春秋左氏伝に記載された国都移転占について

 

春秋左氏伝の文公十三年に、邾の文公が国都を繹に移転することについて、担当者と話し合う記事がある。この伝は、春秋三伝の内、公羊伝と穀梁伝には経文のみで伝文が無く、左氏伝にのみ記載がある。この当時は、方位術の確立以前と思われるため、候補地を個別に占った際の議事録の中から、重要な部分を抜き出したもので、現在の形になったのは、左氏伝の編集者か、元の故事の伝承段階で既にこの形になっていたのかは窺い知ることはできない。しかしながら、この記事には、国君が自ら巫祝として判断を下す古形態を維持しており、非常に興味深い。以下に私見による省略された部分を補って訳してみる。補った部分は括弧で表記する。

邾文公卜遷于繹。史曰。利於民而不利於君。邾子曰。苟利於民。孤之利也。天生民而樹之君。以利之也。民既利矣。孤必與焉。左右曰。命可長也。君何弗爲。邾子曰。命在養民。死之短長。時也。民苟利矣。遷也。吉莫如之。遂遷于繹。五月。邾文公卒。君子曰。知命。

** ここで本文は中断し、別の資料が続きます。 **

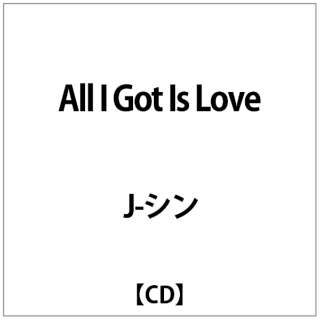 J-:All I Got Is Love yCDz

邾の国君が、国都移転を計画し、候補地の選定を行った。(いくつかの候補地の中で、)繹については、担当者が、「民に利益はあるが、国君には何の利益もない」と判断した。国君が判断して言うには、「民に利益があるならば、我が利益である。天は民を発生させて、その中から君を立てる。それは天が民の利益になるようにさせるためである。民に利益があれば、必ず我が利益となろう。」とした。それに対し、補佐官は、「寿命を延ばせ(る方位がござい)ますが、なぜそうなさらないのですか?」と進言する。それに対して国君は、「我が天命は民を養うことにある。寿命の長短などはその時のめぐり合わせである。民に利益がある方位を選ぶということは、我が天命である。」として、繹に移転した。これにより、五月に文公は亡くなった。君子の評、「文公は自分の使命と寿命を理解していた。」

この記事について、今回取り上げるのは、国の守り手としての国君の立場である。最終的に二択まで絞り込まれた候補地について、国君は、私利よりも国益を優先するという表明により、寿命を終えることになる。本来ならば、国君を強化する事により、国を安定させるところを、自身を犠牲に利用して国を強化しようとしたことで、実は呪術的な意味がありそうだと思われるのである。商(殷)の甲骨文字に、雨乞いに際して、自身を火に投じて犠牲とするものがある。責任者の義務というものであろう。古代社会における政教の一致は、時として残酷な場面を演出するのである。

国事占というものは、一般平民には直接関わることがなくとも影響は大である。政策と国益に関しては、為政者の資質が重要であるのは、今も昔も、国が異なっていても変わるところがない。